Prince George of Cambridge (2L) points into the sky in the arms of father Britain's Prince William, Duke of Cambridge, (3L) as they and Prince Charles, Prince of Wales (L), Catherine, Duchess of Cambridge (2R) and Britain's Queen Elizabeth II (R) stand on the balcony of Buckingham Palace waiting to view the fly-past during the Queen's Birthday Parade, 'Trooping the Colour,' in London on June 13, 2015. Pic/AFP
"One option is for the palace to be vacated; we're getting experts to look at these scenarios and cost them for us," a palace official said at a briefing on the Queen's royal accounts.

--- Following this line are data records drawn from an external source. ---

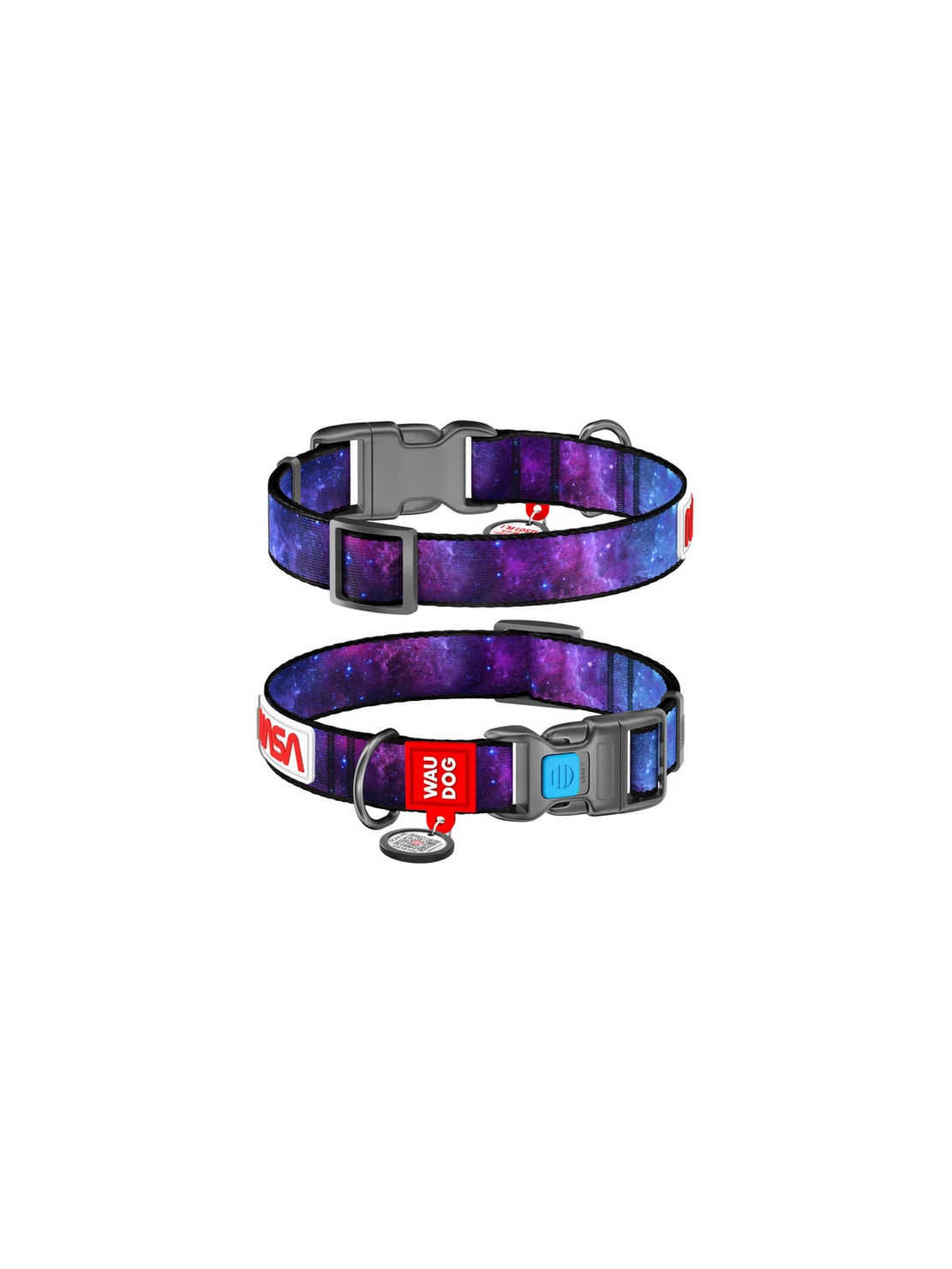 Collar WauDog Nylon Obroża nylonowa z QR-paszportem, plastikowy fastex, wzór NASA21, 15mm/25-35cm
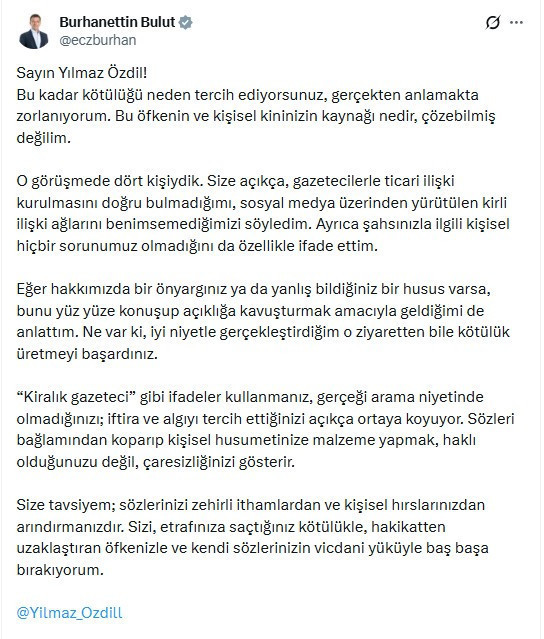 Yılmaz Özdil ve Burhanettin Bulut arasında 'kiralık gazeteci' tartışması - Resim : 1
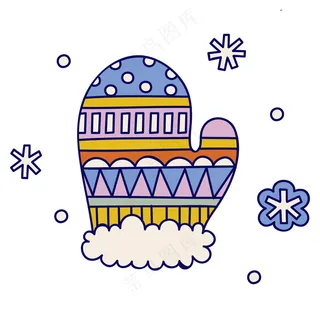 圣诞手套2 民族风装饰小元素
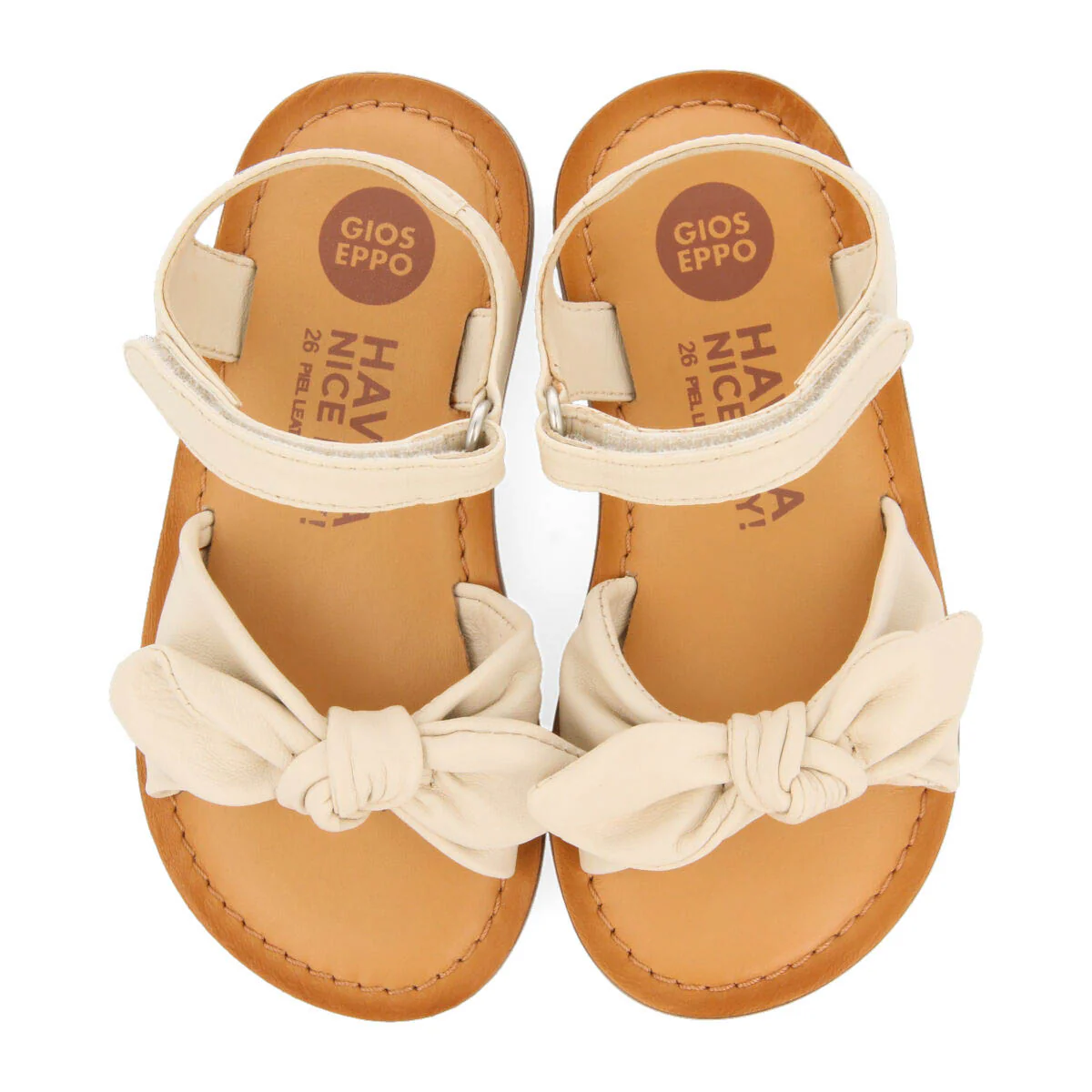 Stigny girls metallic off white leather sandals - Image 3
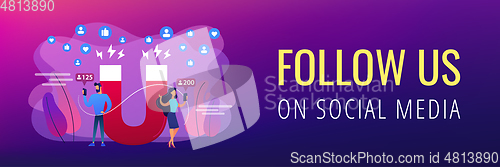 Image of Attracting followers concept banner header.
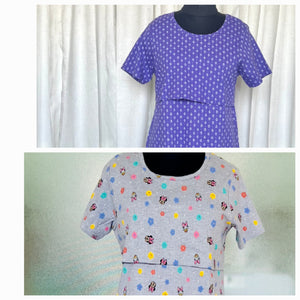 Maternity kur-tee pack of 2( lavender flower / Grey Flower ) combo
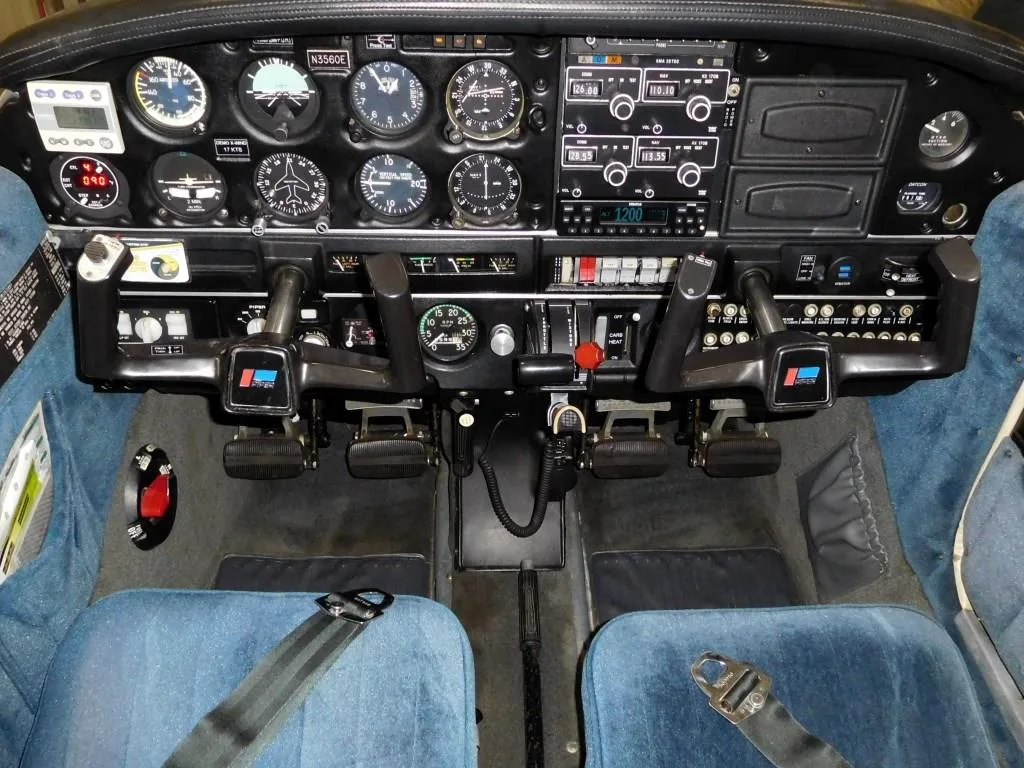 Cockpit and instrument panel of a 1980 Piper Warrior - N3560E Aircraft.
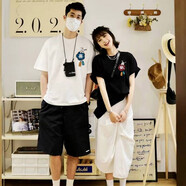 MDlila【兩件裝】情侶裝夏季一男一女短袖衣服2025年新款t恤情侶款班服 男白+女黑(歡喜) XL 男+女L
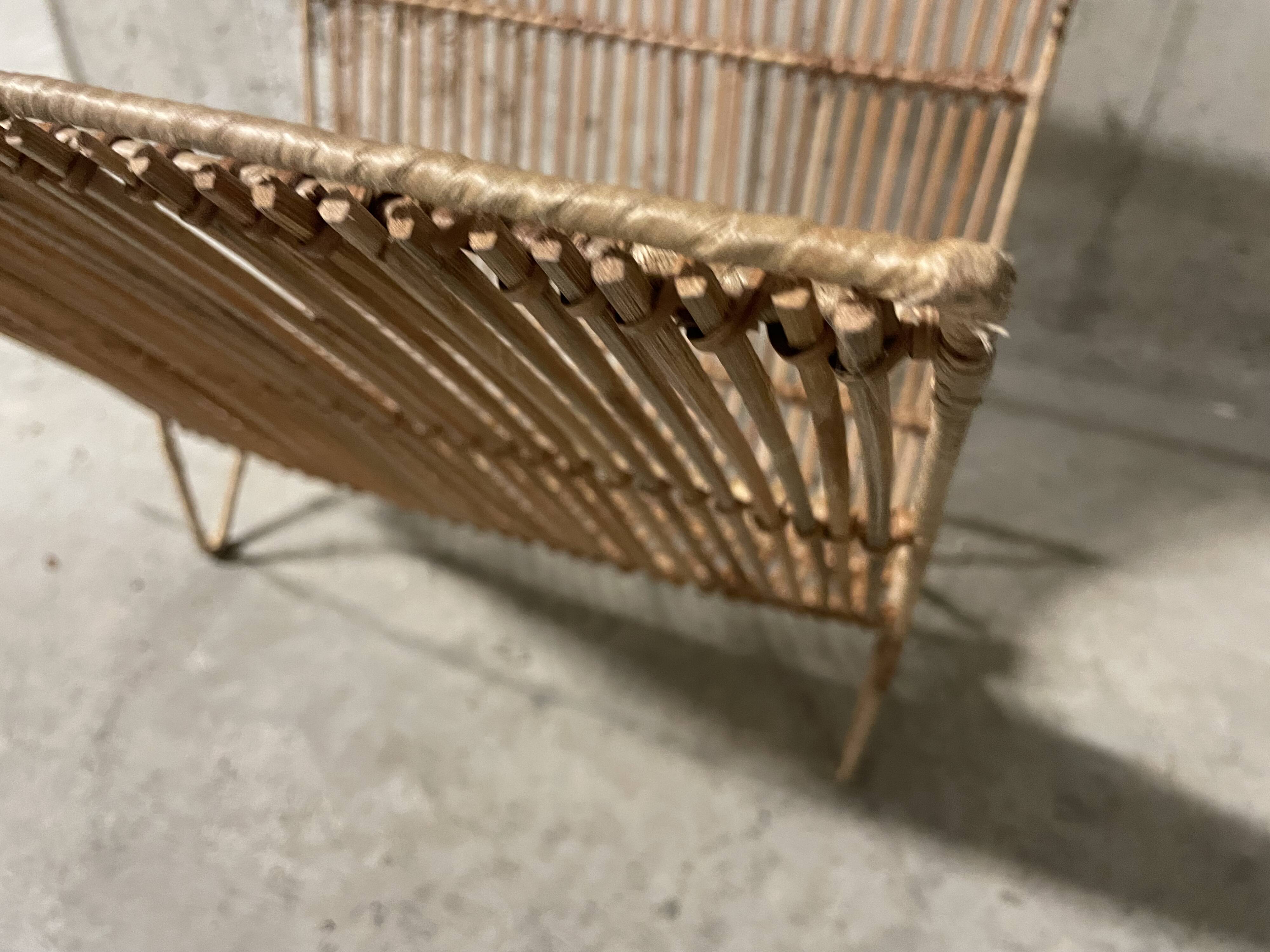 Rattan magazine rack from the 60s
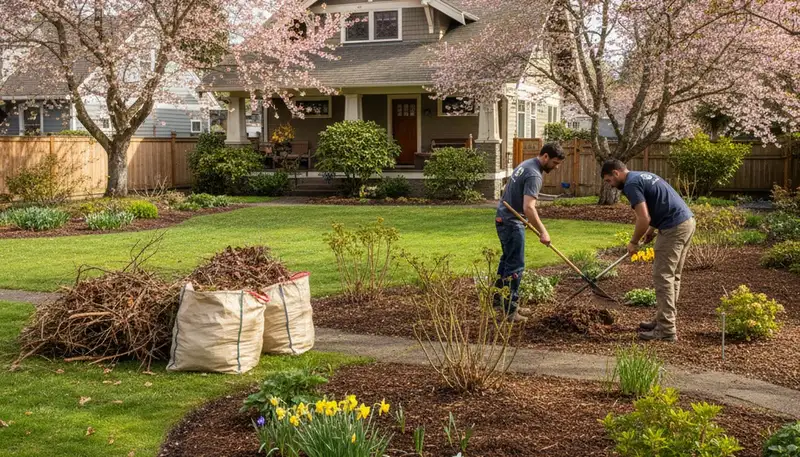 Seattle landscapers performing spring yard clean up, pruning, and debris removal at a residential property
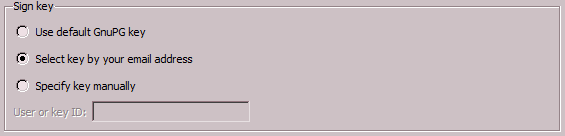 Selecting key by your E-mail address option in Claws Mail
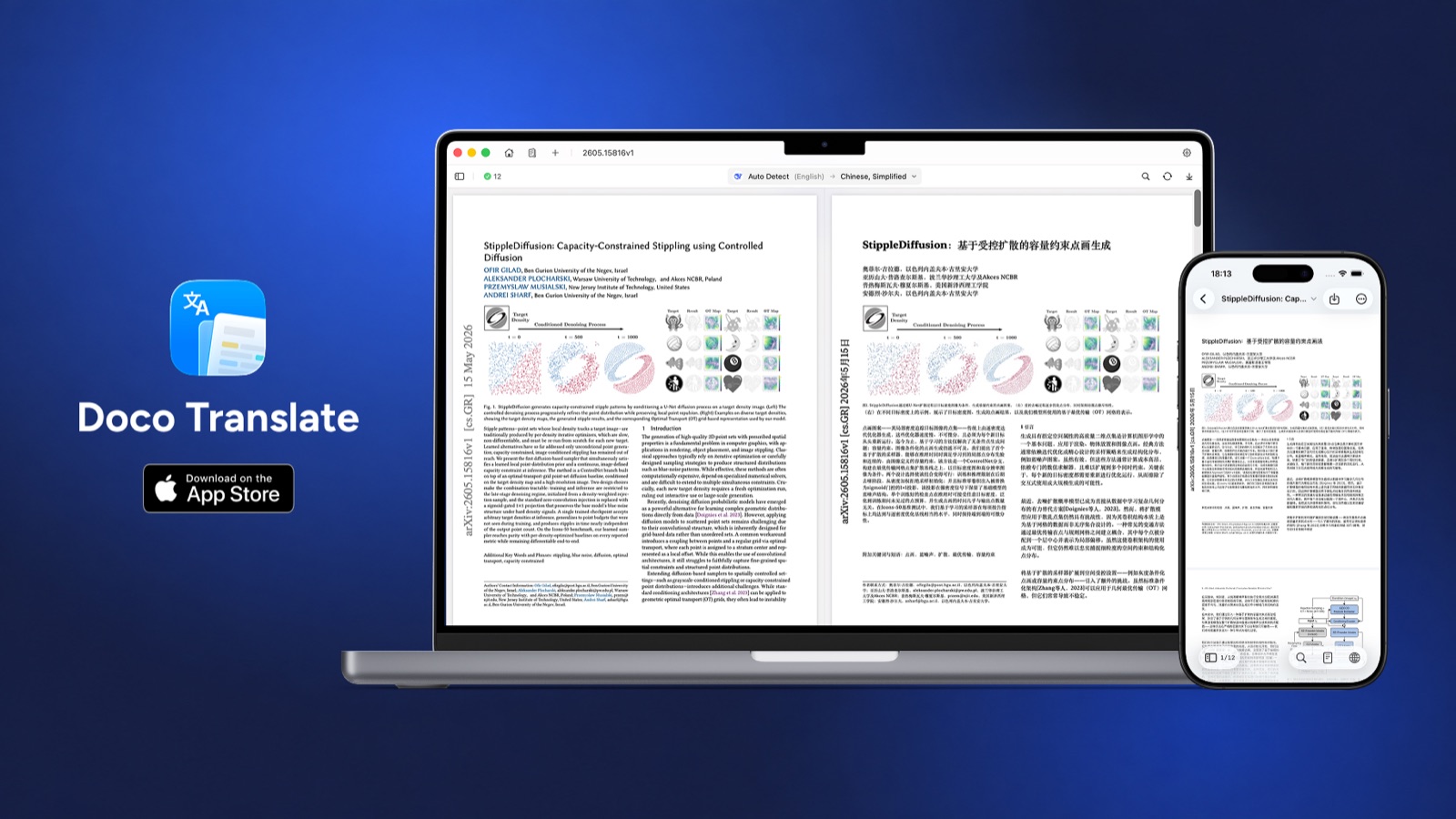 Doco Translate translating a PDF side by side on Mac and iPhone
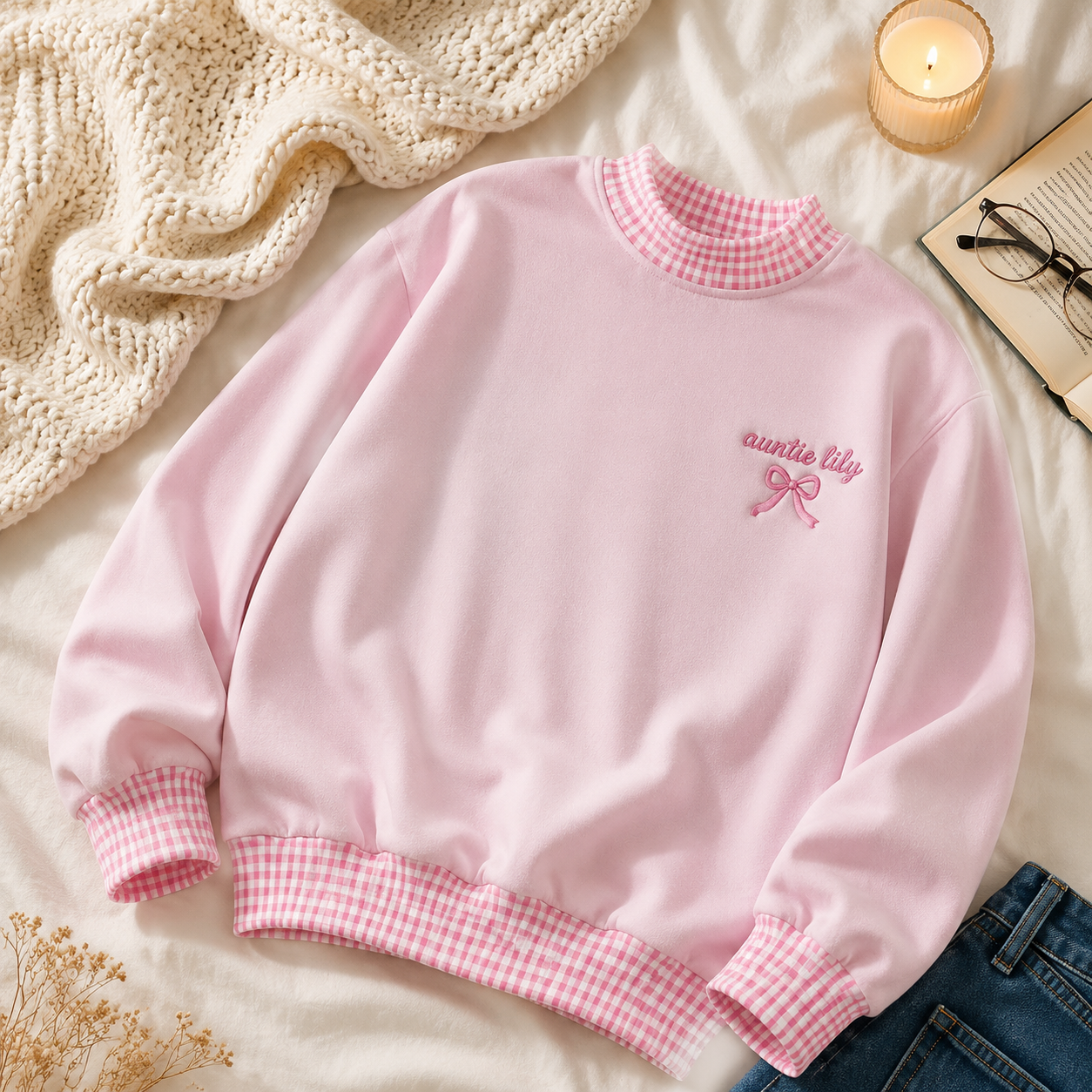 Sweet Personalized Auntie Sweatshirt for New Aunts with Gingham Trim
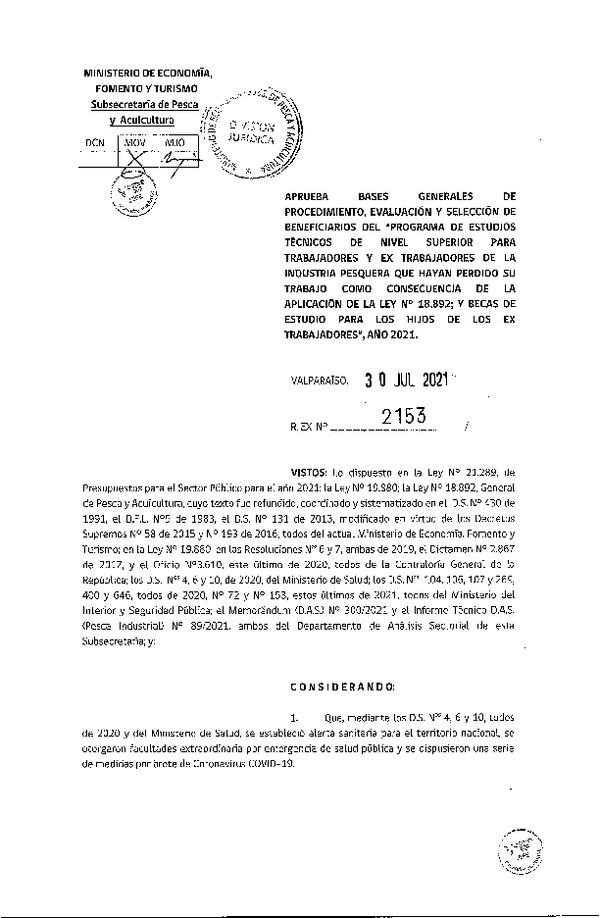 Res. Ex. N° 2153-2021Aprueba Bases Generales de Procedimiento, Evaluación y Selección de Beneficiarios de Programa que se Indica, Año 2021. (Publicado en Página Web 02-08-2021)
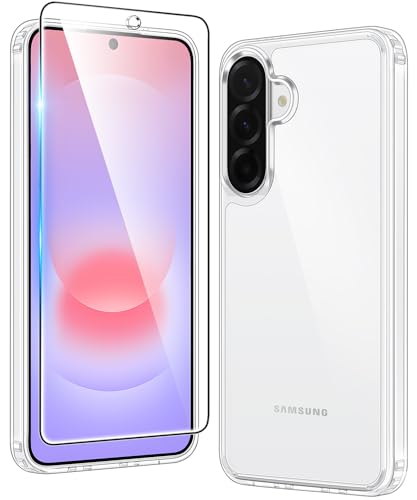 FNTCASE for Samsung Galaxy A37-5G Case: Galaxy A36 Phone Clear Cases | Screen Protector, Anti Yellowing, Military Grade Drop Protection Cover, Shockproof Protective Bumper, Transparent Phonecase - color: B-Clear, size: for Galaxy A37/A36 (6.7 inch)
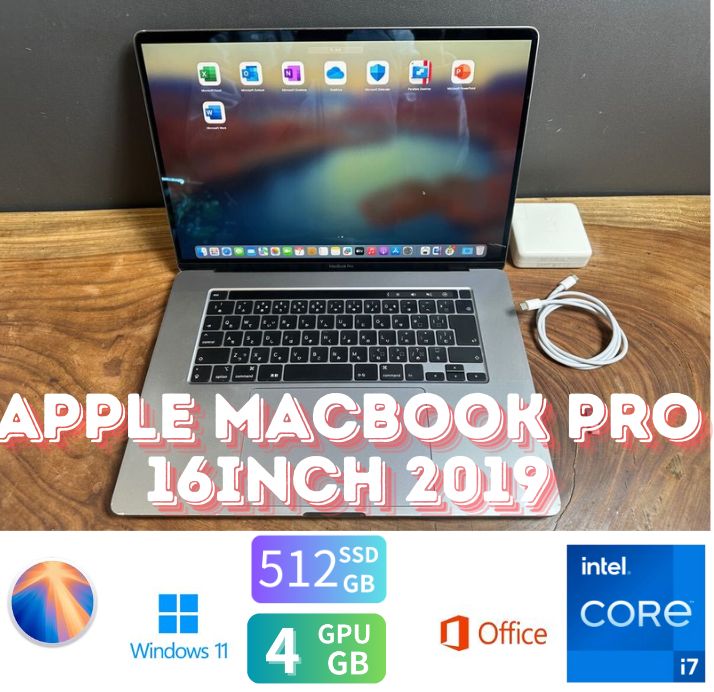 「新品バッテリー」Apple MacBook PRO Retina 16inch 2019/CPUi7 2.6GHZ/16GB/GPU4GB/SSD512GB/office2024/Windows11/CJ290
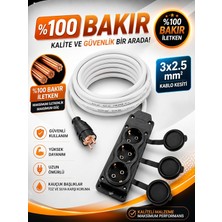 İNWATT %100 Saf Bakır 3x2.5 Mm² Kauçuk Başlıklı Ağır Hizmet Tipi Uzatma Kablosu 60 Metre - Elektrikli Isıtıcı, Şantiye, Bahçe, Kamp, Karavan ve Araç Şarj Kablosu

"The initial estimate for the refurbishment of Buckingham Palace looks like 150 million pounds," he said.
However, some campaigners in favour of an elected head of state have called for Buckingham Palace in the heart of London to be turned into a museum for the people of Britain.
"If the taxpayer is footing the bill, the taxpayer should reap the reward. Buckingham Palace already houses one of the world's greatest art collections ¿ so let's see it handed back to the people," said Graham Smith, chief executive of one such group called Republic.
The Crown Estate, which owns property on behalf of the British monarch, returned record profits of 285 million pounds
to the taxpayer last year -- up 6.7 per cent.
The Queen is paid 15 per cent of the Crown Estate's profits by the UK government, including from the Crown Estate in Scotland, under the Sovereign Grant formula launched in 2011.
The latest accounts show that the Queen last year received 37.9 million pounds from the grant, of which she spent 35.7 million pounds.
That figure will increase to 40.05 million pounds this year and is expected to rise to 42.8 million pounds next year. The figure does not include the cost of providing security for the Royal Family.
The Crown Estate's annual results show its capital value is at a historic high of 11.5 billion pounds, up 16.1 per cent. There has been a 21 per cent increase in travel costs, which rose from 4.2 million pounds in 2013-14 to 5.1 million pounds in 2014-15.
The Queen, is currently touring Germany with husband Prince Philip, spends a third of the year hosting events at Buckingham Palace.
Sir Alan Reid, keeper of the Privy Purse, said: "Over the coming years, the maintenance of the estate and in particular Buckingham Palace, will present a significant financial challenge."
The proposal comes after it had emerged earlier this month that British MPs may have to leave the Palace of Westminster, which houses the UK Parliament, to allow an estimated 3-billion pounds project to modernise the structure.